**SUPPLIED RECORDS**
>>>>>
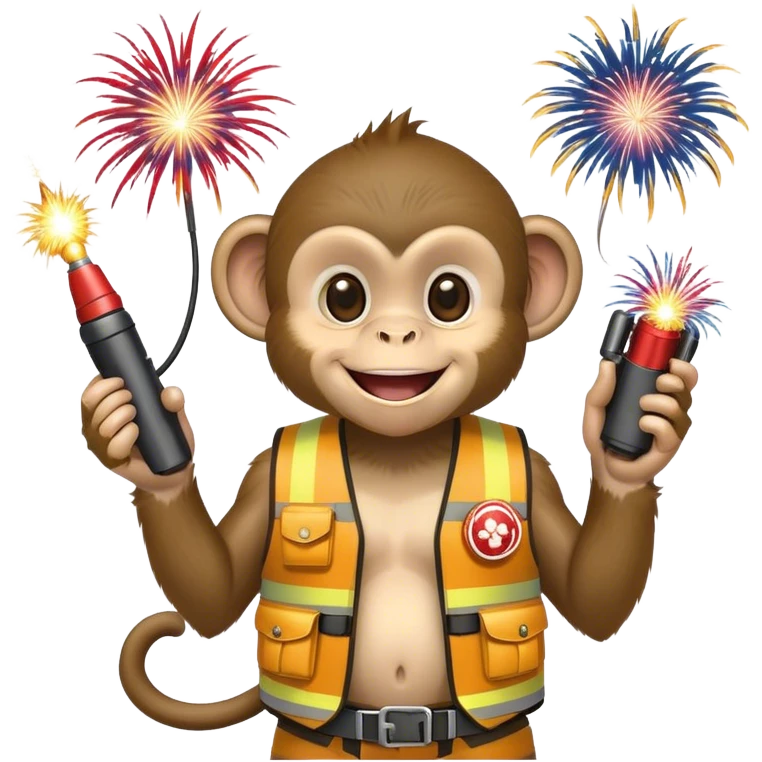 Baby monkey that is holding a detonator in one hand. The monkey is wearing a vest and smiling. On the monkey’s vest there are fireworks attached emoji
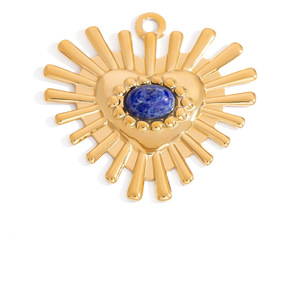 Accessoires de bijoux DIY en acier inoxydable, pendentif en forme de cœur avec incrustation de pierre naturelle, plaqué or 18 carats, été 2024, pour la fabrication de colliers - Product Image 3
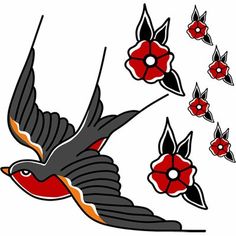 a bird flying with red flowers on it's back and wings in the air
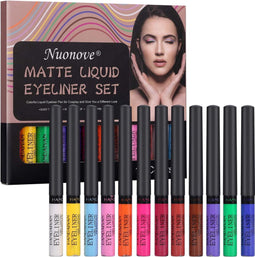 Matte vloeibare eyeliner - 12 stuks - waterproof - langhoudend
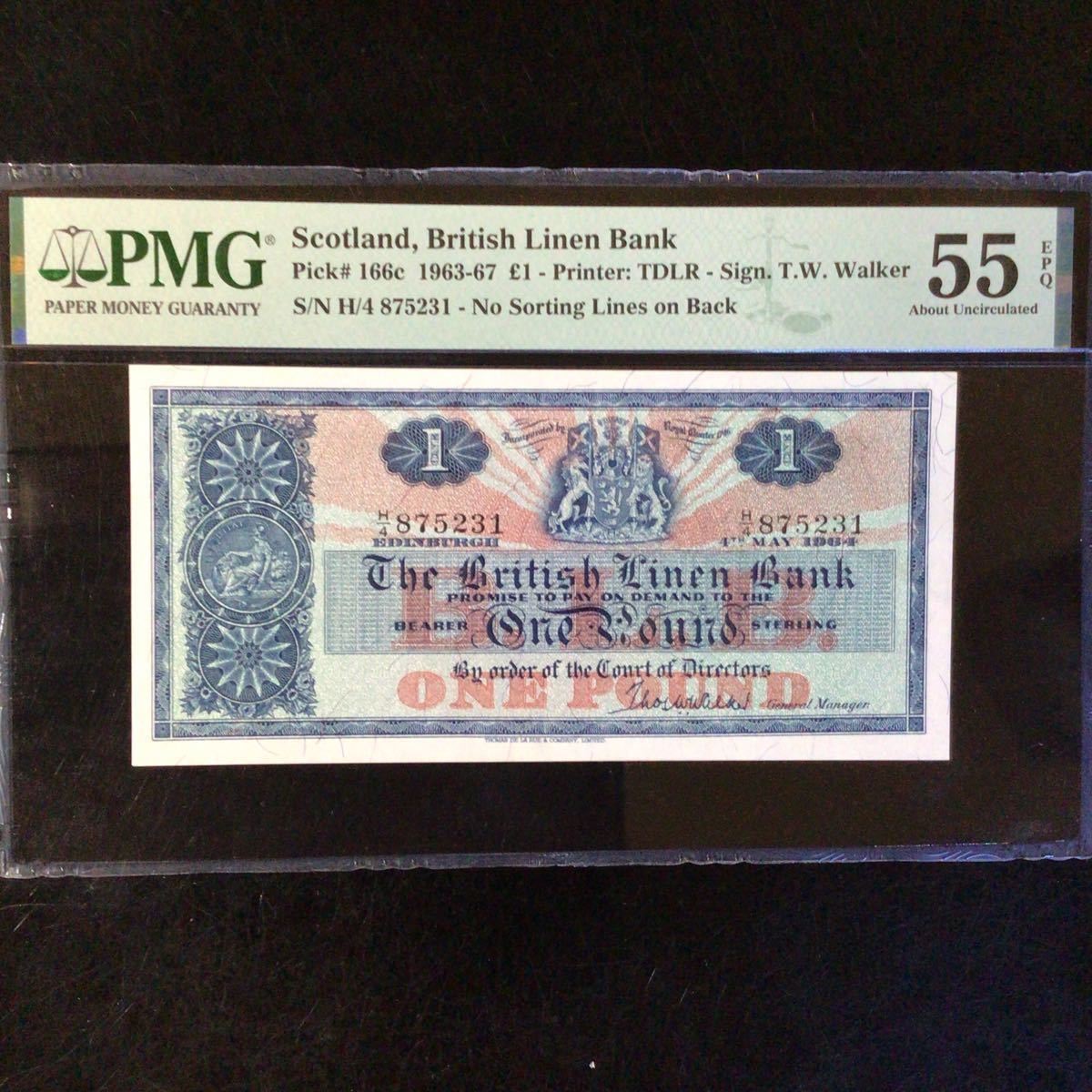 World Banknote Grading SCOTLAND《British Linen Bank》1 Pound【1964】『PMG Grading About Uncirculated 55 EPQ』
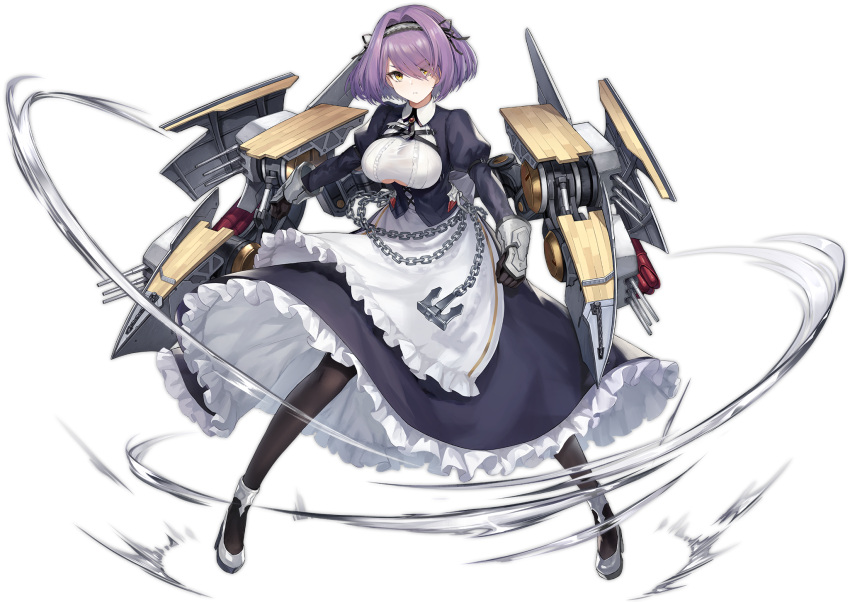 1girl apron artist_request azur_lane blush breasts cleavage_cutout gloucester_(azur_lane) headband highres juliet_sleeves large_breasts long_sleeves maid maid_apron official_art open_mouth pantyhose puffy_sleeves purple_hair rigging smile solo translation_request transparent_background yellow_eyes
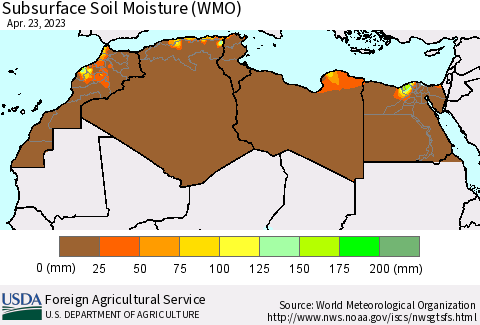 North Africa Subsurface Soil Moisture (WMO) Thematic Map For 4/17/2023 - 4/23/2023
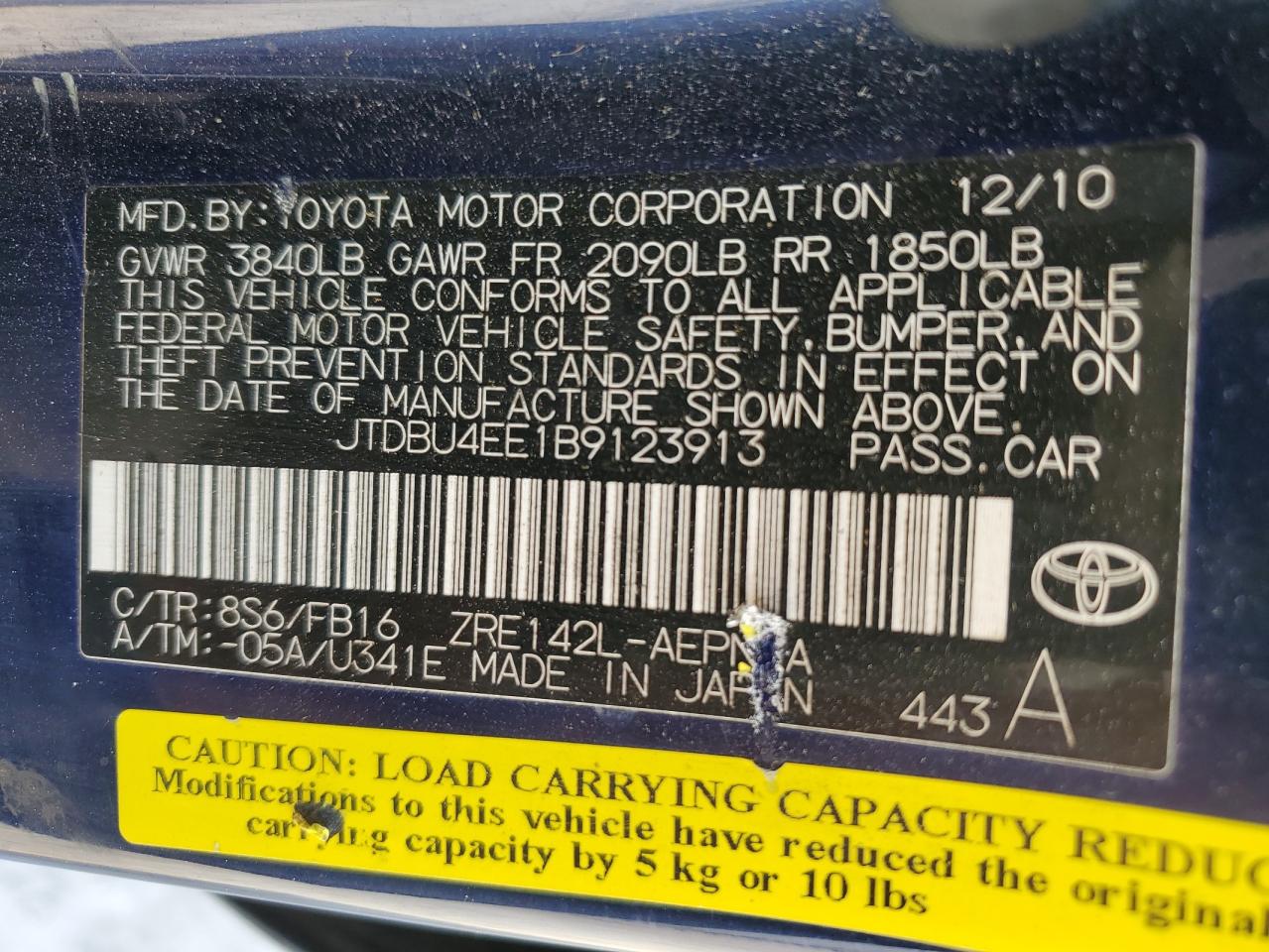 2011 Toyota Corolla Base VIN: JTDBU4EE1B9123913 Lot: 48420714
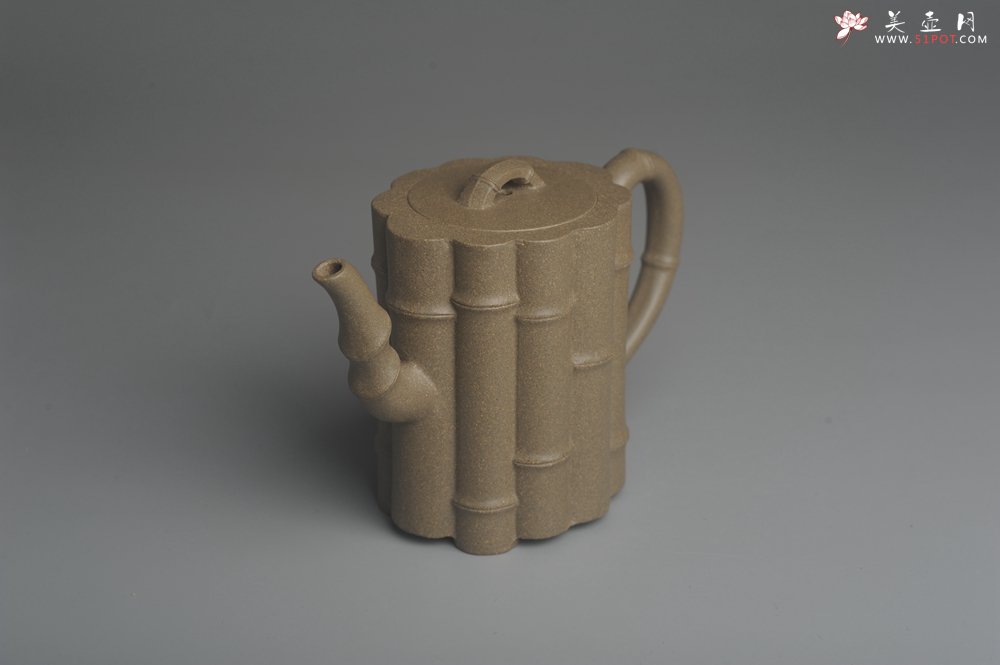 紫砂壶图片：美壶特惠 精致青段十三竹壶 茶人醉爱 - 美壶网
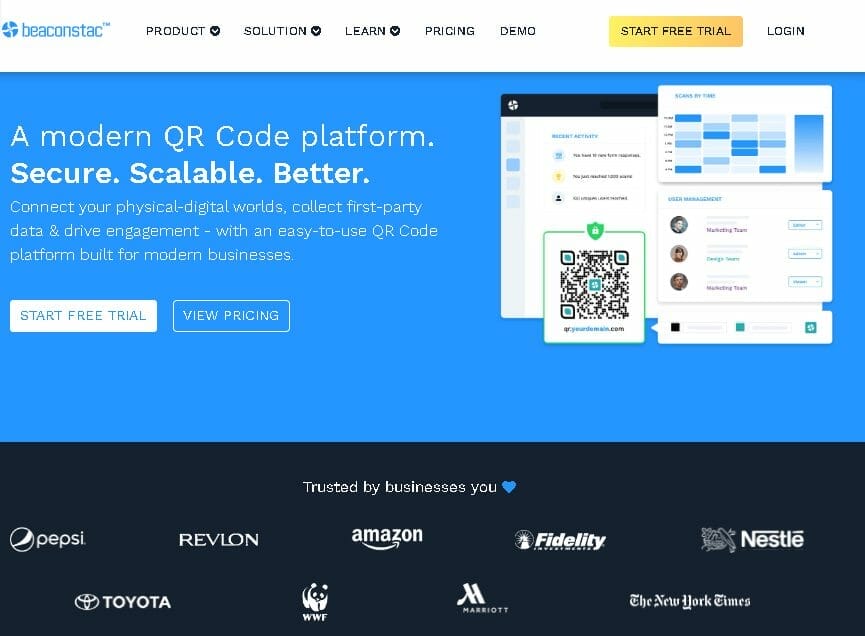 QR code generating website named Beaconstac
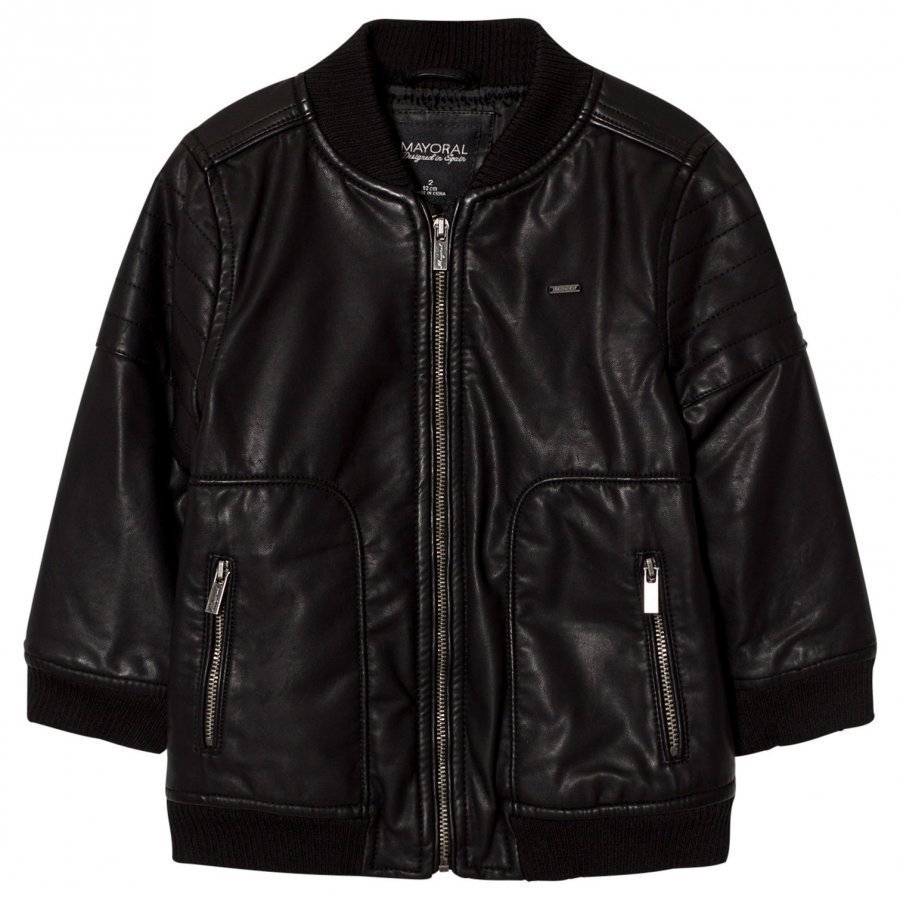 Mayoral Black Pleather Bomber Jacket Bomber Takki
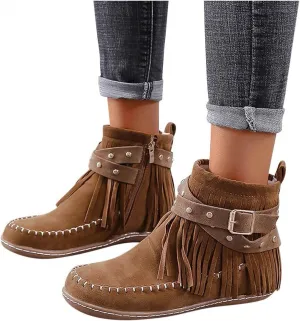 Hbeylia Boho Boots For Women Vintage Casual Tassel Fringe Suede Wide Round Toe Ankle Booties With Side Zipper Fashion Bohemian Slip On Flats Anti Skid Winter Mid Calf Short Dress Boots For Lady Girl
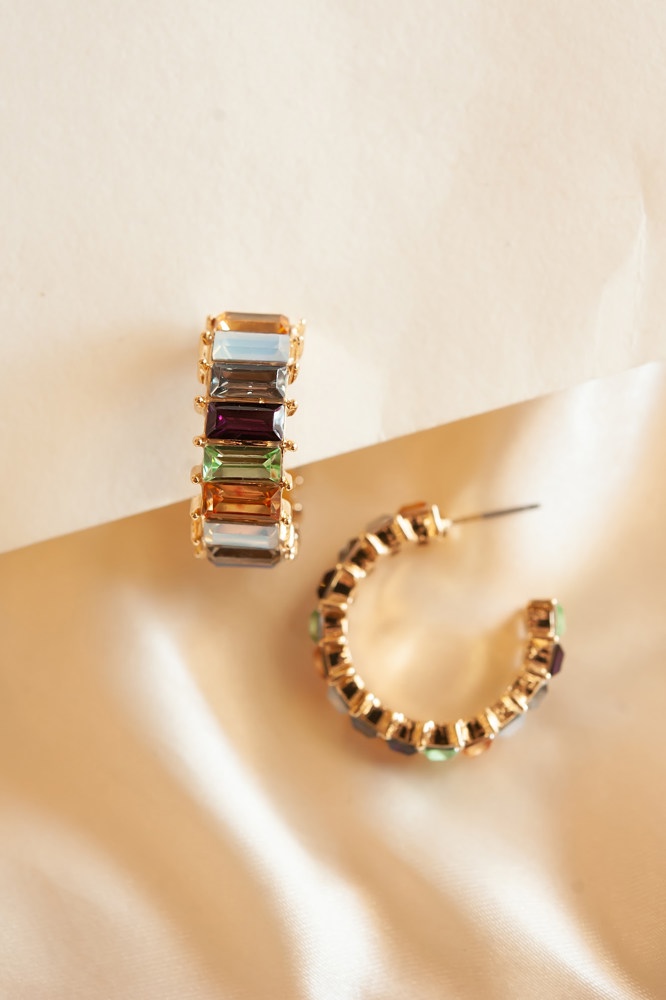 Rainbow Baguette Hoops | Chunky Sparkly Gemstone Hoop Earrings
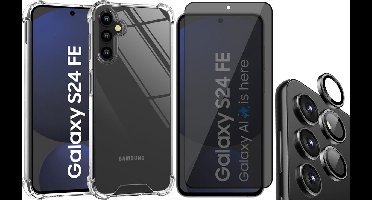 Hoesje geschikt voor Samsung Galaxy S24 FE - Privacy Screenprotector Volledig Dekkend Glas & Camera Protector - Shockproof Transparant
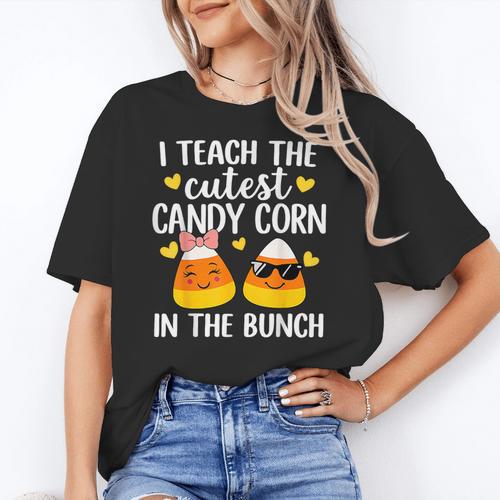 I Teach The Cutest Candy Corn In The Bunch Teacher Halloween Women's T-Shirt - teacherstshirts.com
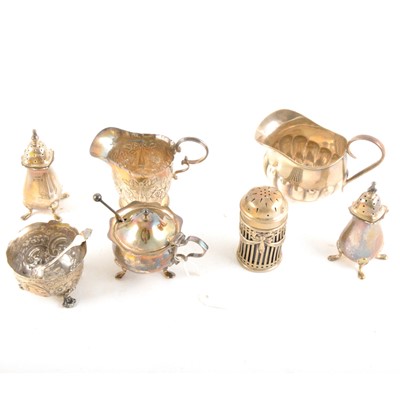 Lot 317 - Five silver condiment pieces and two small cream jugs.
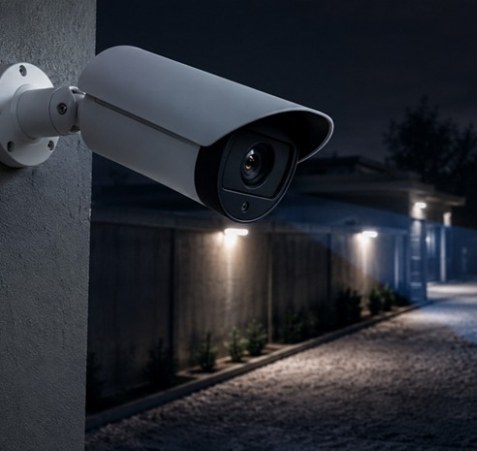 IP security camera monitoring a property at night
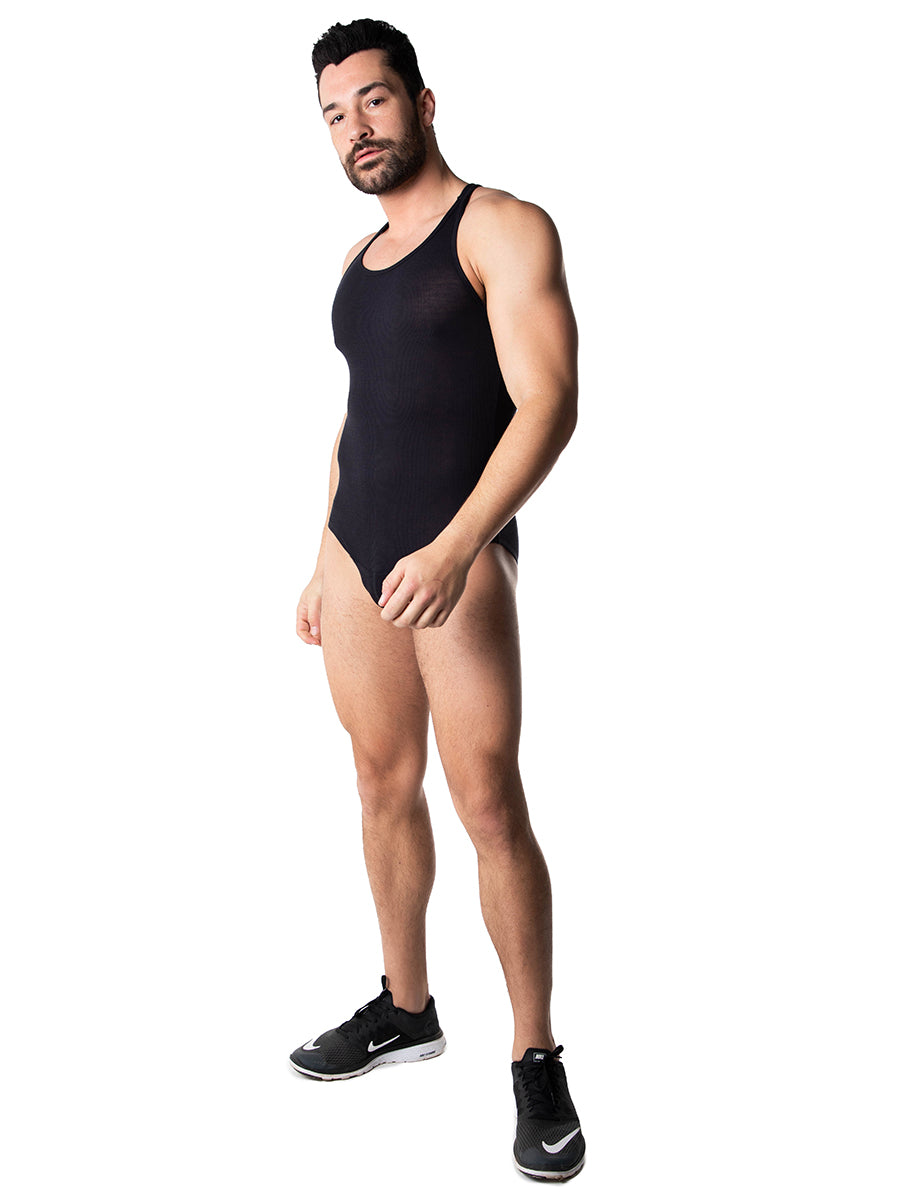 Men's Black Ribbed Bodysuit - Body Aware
<<<<<
**EXERCISE INSTRUCTIONS**
Set down word for word the lines above from the one with "Hbeylia Boho Boots" up to and including the one with "Rainbow Baguette Hoops". Omit every picture.

**COMPLETED TASK**
 Hbeylia Boho Boots For Women Vintage Casual Tassel Fringe Suede Wide Round Toe Ankle Booties With Side Zipper Fashion Bohemian Slip On Flats Anti Skid Winter Mid Calf Short Dress Boots For Lady Girl
 Rainbow Baguette Hoops | Chunky Sparkly Gemstone Hoop Earrings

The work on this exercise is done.